Next, the operation of the sample and hold circuit 1 of the present embodiment will be described in detail with reference to FIG.
Referring to FIG. 2, first, the switches SW1_1 and SW1_2, the switches SW2_1 and SW2_2, and the switches SW4_1 and SW4_2 are turned on at the time T1 when the sampling of the analog input signal is started. This corresponds to the initial charge charge timing of the input voltage VIN and the second reference voltage Vref2 in bottom plate sampling. At this time, the switch SW3 and the switches SW5_1 and SW5_2 are off. By turning on the switches SW4_1 and SW4_2, the non-inverting input terminal of the operational amplifier I1 and the non-inverting input terminal of the operational amplifier I2 operate as virtual ground points. Accordingly, the first reference voltage Vref1 is applied to the capacitors C1_1 and C1_2, and the first reference voltage Vref1 is sampled by the bottom plate sampling circuits L1 and L2. Further, a voltage difference between the input voltage VIN and the first reference voltage Vref1 is applied to the capacitor C2_1, and a voltage difference between the first reference voltage Vref1 and the second reference voltage Vref2 is applied to the capacitor C2_2. It will be in the state.

  Next, the switches SW1_1 and SW1_2 are turned off at a time T2 after a lapse of a predetermined time from the time T1, and the switches SW2_1 and SW2_2 are turned off at a time T3 after the lapse of a predetermined time from the time T2. The reason why the switches SW1_1 and SW1_2 are turned off first is to prevent the loss of charge during the transition of the switches. As a result, the first reference voltage Vref1 is held by the bottom plate sampling circuits L1 and L2, and the input voltage Vin and the second reference voltage Vref2 are held at both ends of the switch SW3.

  Next, when the switch SW3 is turned on at time T4 after a predetermined time has elapsed from time T3, a superimposed voltage based on the input voltage Vin and the second reference voltage Vref2 is generated, and the generated superimposed voltage is converted into a bottom plate sampling circuit. Superposed on the first reference voltage Vref1 held by L1 and L2. That is, when capacitor C1_1 = capacitor C1_2, capacitor C2_1 = capacitor C2_2, and C1_1≈C2_1 (value obtained by correcting the parasitic capacitance), the voltage across switch SW3 is (Vin−Vref2) / 2 due to capacitance distribution. Become. In the present embodiment, the second reference voltage Vref2 is assumed to be 0 V based on the ground level, and the voltage across the switch SW3 is assumed to be Vin / 2. In this case, ½ of the voltage across the switch SW3 is the superimposed voltage. The voltage at the connection point Y_1 between the capacitor C1_1 and the capacitor C2_1 and the voltage at the connection point Y_2 between the capacitor C1_2 and the capacitor C2_2, that is, the first reference voltage Vref1 held by the bottom plate sampling circuits L1 and L2 is: The superimposed voltage (Vin / 4) is superimposed by voltage division, and Vin / 4 is added or subtracted with reference to the first reference voltage Vref1. That is, the voltage at the connection point Y_1 between the capacitor C1_1 and the capacitor C2_1 is Vref1-Vin / 4, and the voltage at the connection point Y_2 between the capacitor C1_2 and the capacitor C2_2 is Vref1 + Vin / 4. As a result, a differential voltage based on the first reference voltage Vref1 is obtained.

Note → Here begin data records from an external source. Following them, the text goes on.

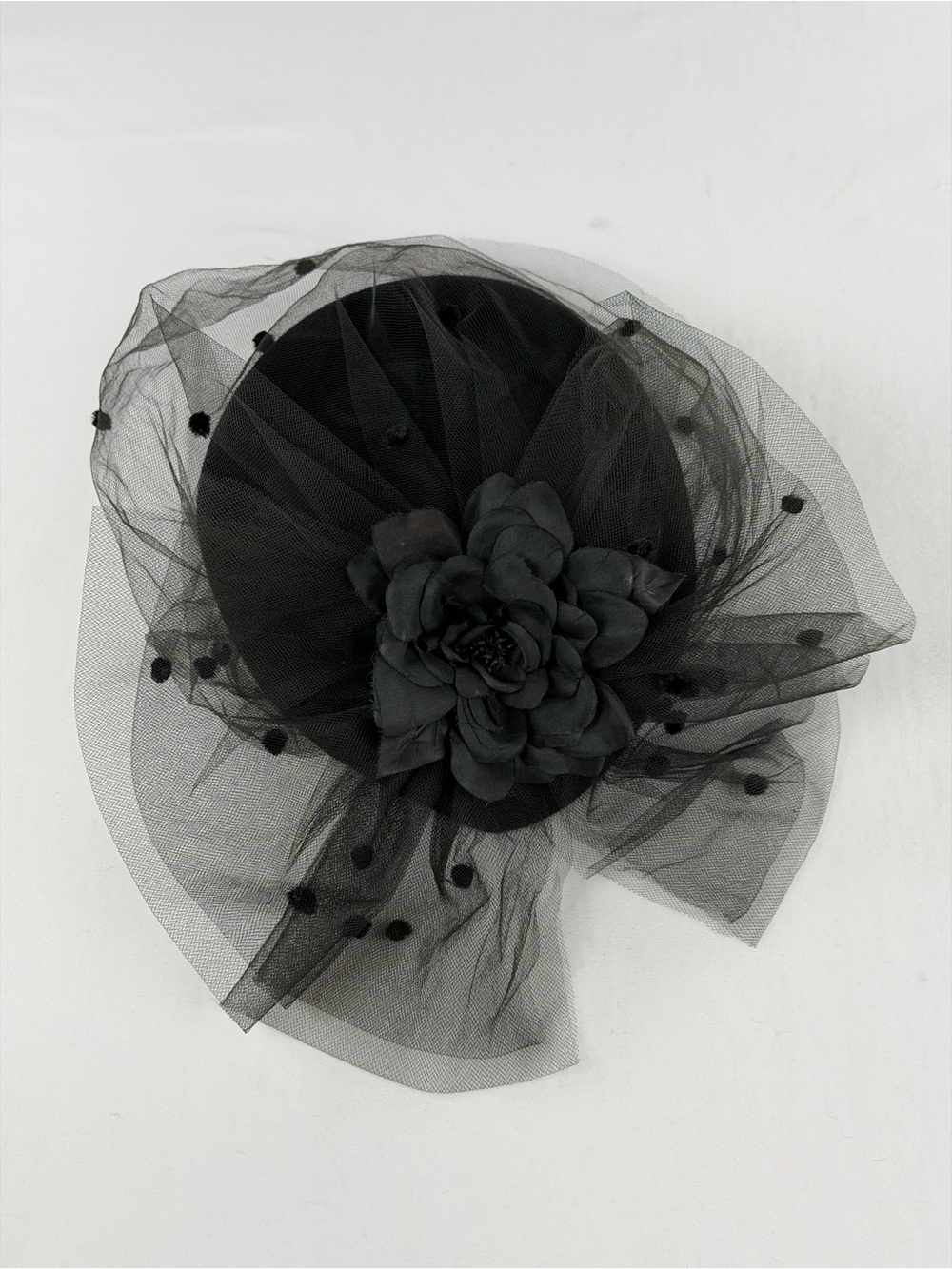 Vintage Betmar Elegant Black Veiled Cocktail Hat -Silk Flower  Fascinator Hat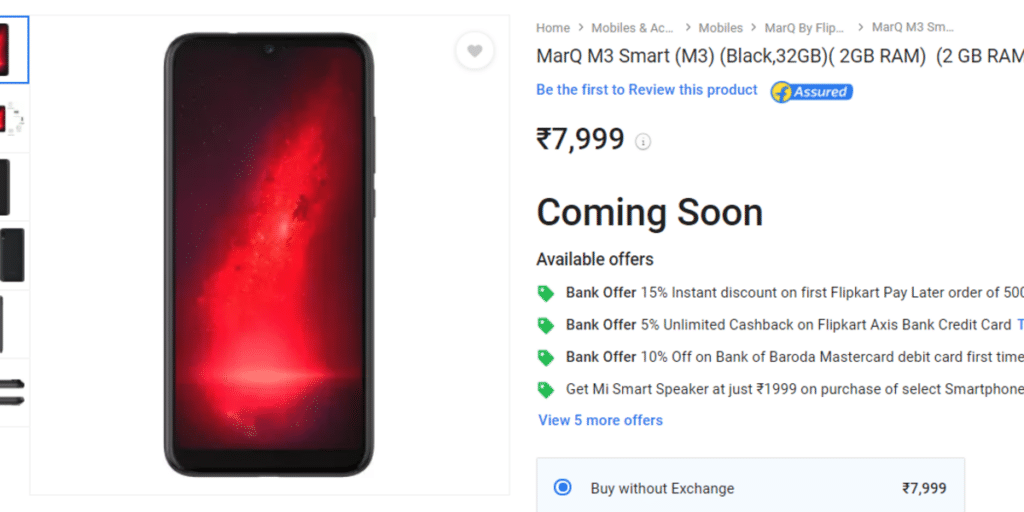 Flipkart MarQ M3 Smart Specs and Price
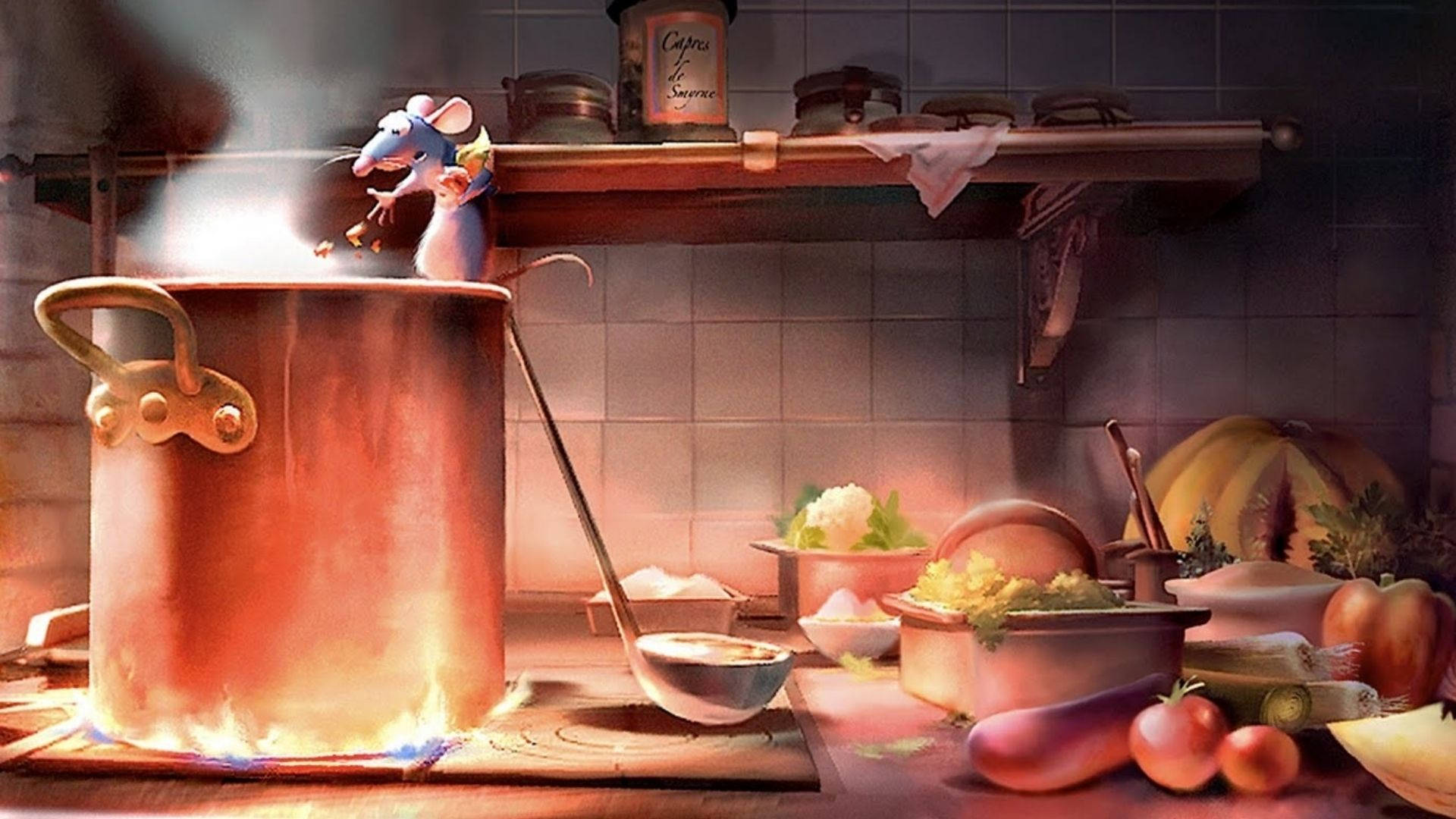 Ratatouille, copper pot, mouse chef, Full HD Desktop Wallpaper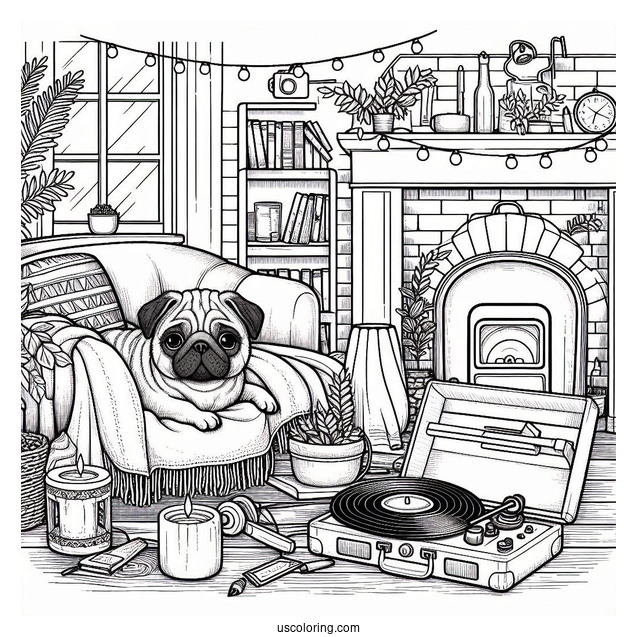 Cozy Home Scene with Pug Coloring Page and Vinyl Player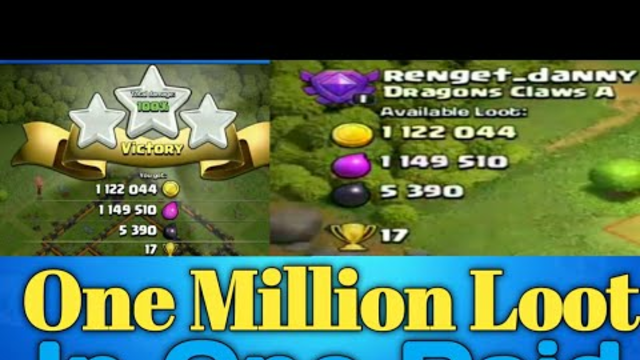 One Million Loot In One Attack | Clash Of Clans Loot | Electro Dragon One Million Loot Raid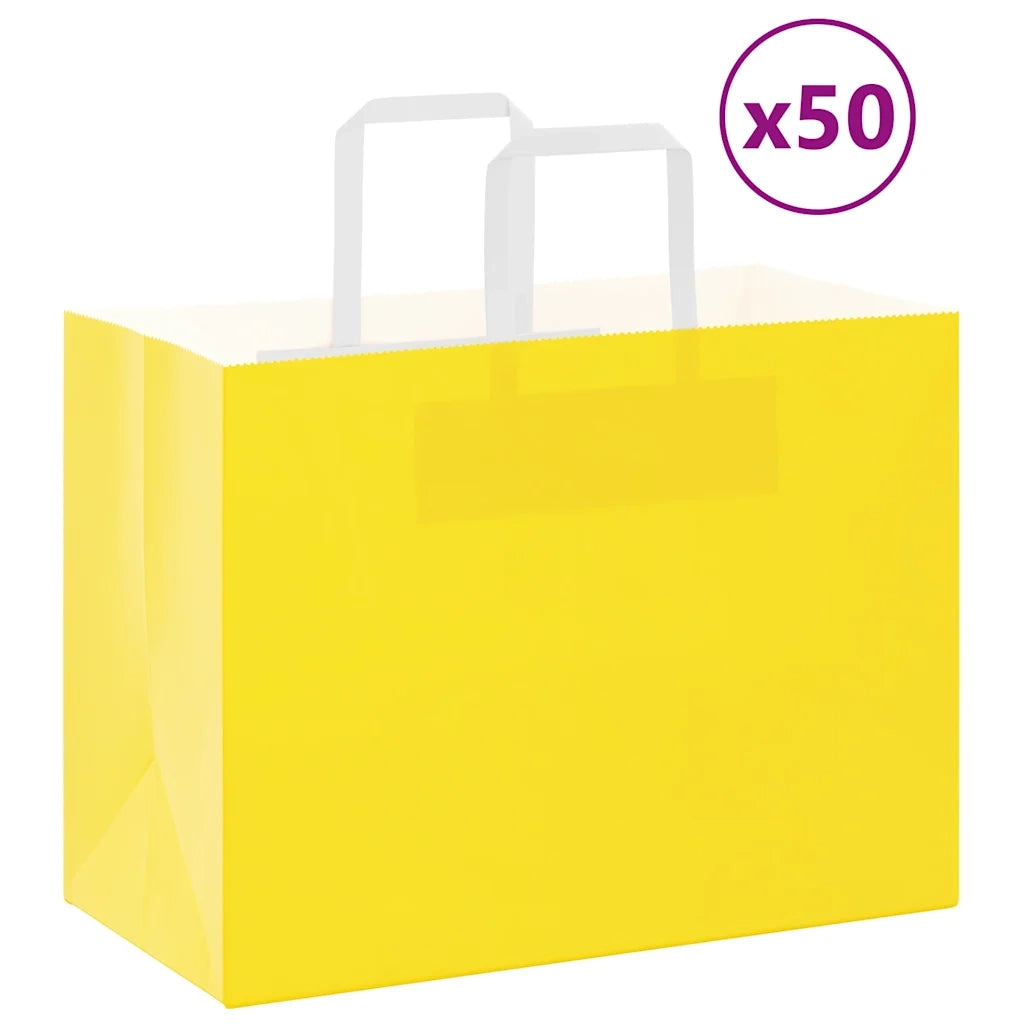 Sacchetti di Carta 50 pz con Manici Gialli 32x17x25 cm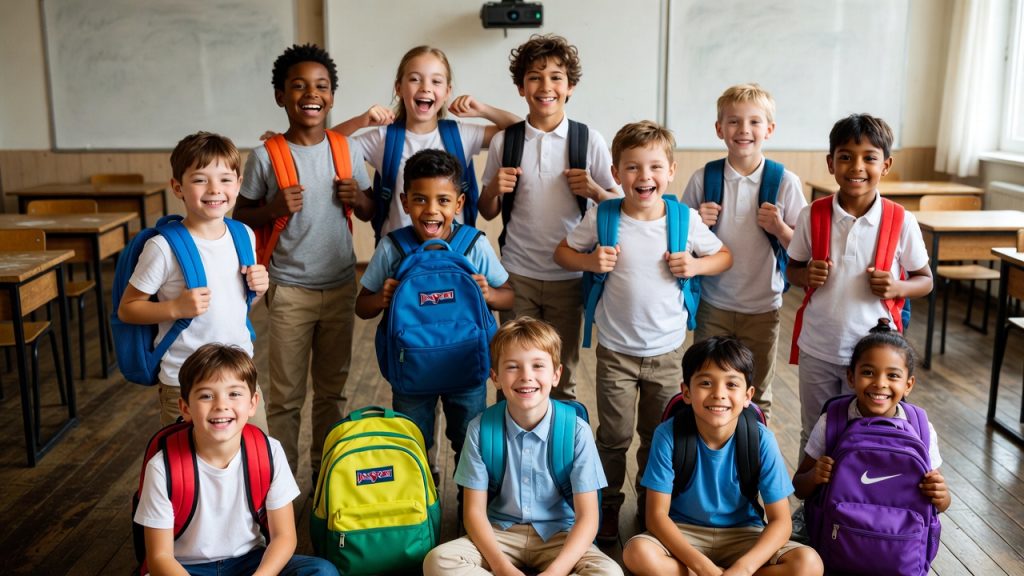 Happy diverse elementary students wearing colorful new backpacks.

  Next, after the switches SW4_1 and SW4_2 are turned off at time T5, the switches SW5_1 and SW5_2 are turned on at time T6. As a result, the capacitor C1_1 is connected between the output terminal and the non-inverting input terminal of the operational amplifier I1, and the capacitor C1_2 is connected between the output terminal and the non-inverting input terminal of the operational amplifier I2, and stored in the capacitor C1_1 and the capacitor C1_2. The charge is held. Therefore, Vref1−Vin / 4 is output as the low potential side output voltage OUT_L from the output terminal of the operational amplifier I1, and Vref1 + Vin / 4 is output as the high potential side output voltage OUT_H from the output terminal of the operational amplifier I2. . Note that the switch SW3 and the switches SW5_1 and SW5_2 are turned off immediately before the time T1 when the next analog input signal sampling is started.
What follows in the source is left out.